Use of genetically induced repression of ribonucleotide reductase as target in trypanocide formulation

Sulaiman Faoziyat A.¹*, Akanji M.A.¹, Green, B. O.², Nguyen B.³, Nguyen T.³ and Gunzl A.³

¹Biochemistry Department, University of Ilorin, PMB 1515 Ilorin, Nigeria.

²College of Naturopathic Medicine, University of Bridgeport, Connecticut, U.S.A.

³Genetics and Developmental Biology, University of Connecticut, Farmington USA.

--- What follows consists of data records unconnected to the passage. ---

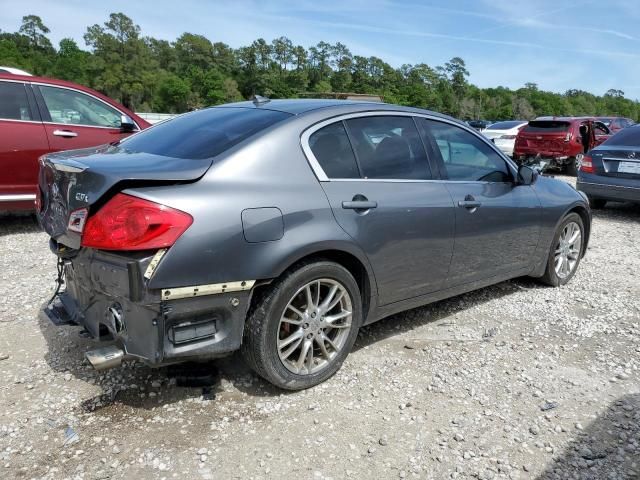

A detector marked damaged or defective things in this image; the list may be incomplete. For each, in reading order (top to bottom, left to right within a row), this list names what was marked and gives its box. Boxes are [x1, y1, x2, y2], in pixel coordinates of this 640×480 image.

detached bumper cover [44, 246, 252, 366]
damaged rear bumper [44, 246, 255, 370]
broken trim piece [143, 249, 168, 280]
broken trim piece [160, 278, 255, 300]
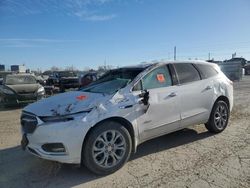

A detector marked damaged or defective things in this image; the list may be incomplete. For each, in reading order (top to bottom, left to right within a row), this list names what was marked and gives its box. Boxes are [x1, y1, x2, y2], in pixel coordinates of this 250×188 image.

crumpled hood [24, 90, 110, 117]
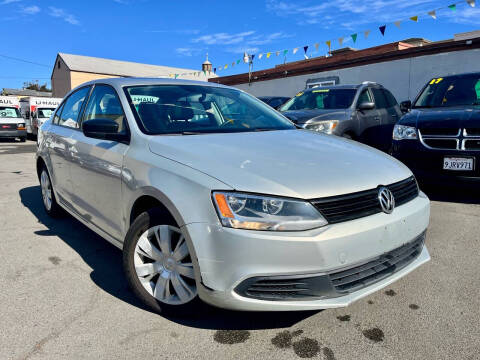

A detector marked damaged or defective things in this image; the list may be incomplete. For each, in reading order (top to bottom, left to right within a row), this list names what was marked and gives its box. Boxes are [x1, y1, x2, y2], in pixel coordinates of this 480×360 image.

*Corresponding author E-mail: faoziyat20022002@yahoo.com

Received 22 February, 2012; Accepted 02 March, 2012

Abstract

In an in vitro experiment, ribonucleotide reductase was genetically validated as a chemotherapeutic target by engineering a plasmid vector (Recombinant DNA) for conditional expression silencing of the enzyme, by cloning the ribonucleotide reductase in a polymerase chain reaction (PCR). It was then amplified, purified and inserted into the plasmids to yield the recombinant DNA of interest, which was transfected into the parasites (clonal transfected cell lines) by electroporation. Parasite cell growth was monitored upon RNAi (Ribonucleotide reductase Interference) mediated silencing of RNR expression. The results generated showed that mRNA repression in the four groups were time dependent in parasites induced at 24hrs, 42 and 48 hours, with 48 hours cDNA showing the most significant mRNA repression. Ribonucleotide reductase was concluded to be an essential enzyme in the trypanosomes as depicted by the RNAi mediated silencing of its expression. It is also a very good drug target.

Keywords: Ribonucleotide reductase, mRNA, cDNA, Recombinant DNA, RNAi, PCR.